Life’s a beach

Life can be really tough at times – everyone knows this. Illness and death can strike unexpectedly, as can financial and relationship trouble. The list is long.

A naturalist view of the universe can help in this regard. First, it tells us that suffering is exactly what we should expect given the world we live in and the evolutionary process by which we came to be here. We do not need to agonize over why a god would allow us to suffer, because no such god exists. This is not to say that we should be indifferent to suffering – if we dislike it (and we do), then it’s in our own best interests to mitigate it to the greatest extent possible.
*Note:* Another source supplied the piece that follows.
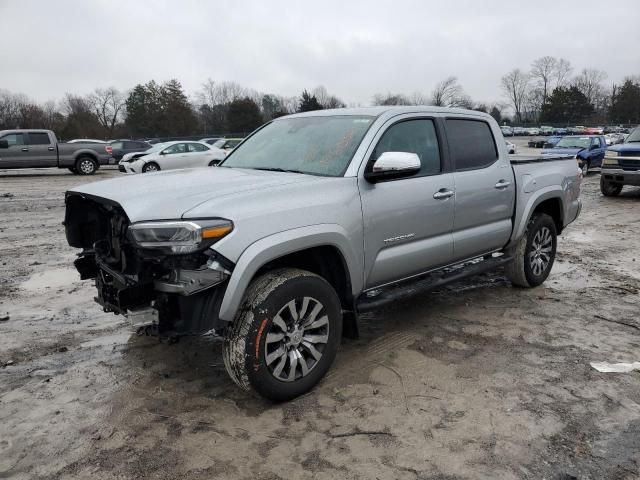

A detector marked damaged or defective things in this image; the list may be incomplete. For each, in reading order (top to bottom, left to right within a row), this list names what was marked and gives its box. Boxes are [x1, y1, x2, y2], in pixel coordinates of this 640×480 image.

Second, there is a certain peace in knowing that the stresses of an uncertain afterlife do not need to be added to the stresses we already have here on earth. When I was a Christian, I don’t think I ever really believed I was going to hell (I’ll bet no Christian does), but the thought of Judgment Day looming ahead was nonetheless a little unsettling. It was a bit like a really, really important exam that I thought I was well prepared for, but which made me nervous anyway.
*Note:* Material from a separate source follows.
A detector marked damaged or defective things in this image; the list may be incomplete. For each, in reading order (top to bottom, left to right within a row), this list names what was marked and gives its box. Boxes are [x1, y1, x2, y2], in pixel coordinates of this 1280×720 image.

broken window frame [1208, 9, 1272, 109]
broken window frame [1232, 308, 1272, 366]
The evidence, though, indicates that there are no menacing supernatural forces trying to claw us into hell. There is no pending apocalypse. There is just us and our fellow animals, eking out what living we can on this bizarrely wonderful planet.

Life is a beach. Beautiful but indifferent. And death is as natural as the sweep of a wave as it erases a footprint in the sand. There is no fear in that. Just peace.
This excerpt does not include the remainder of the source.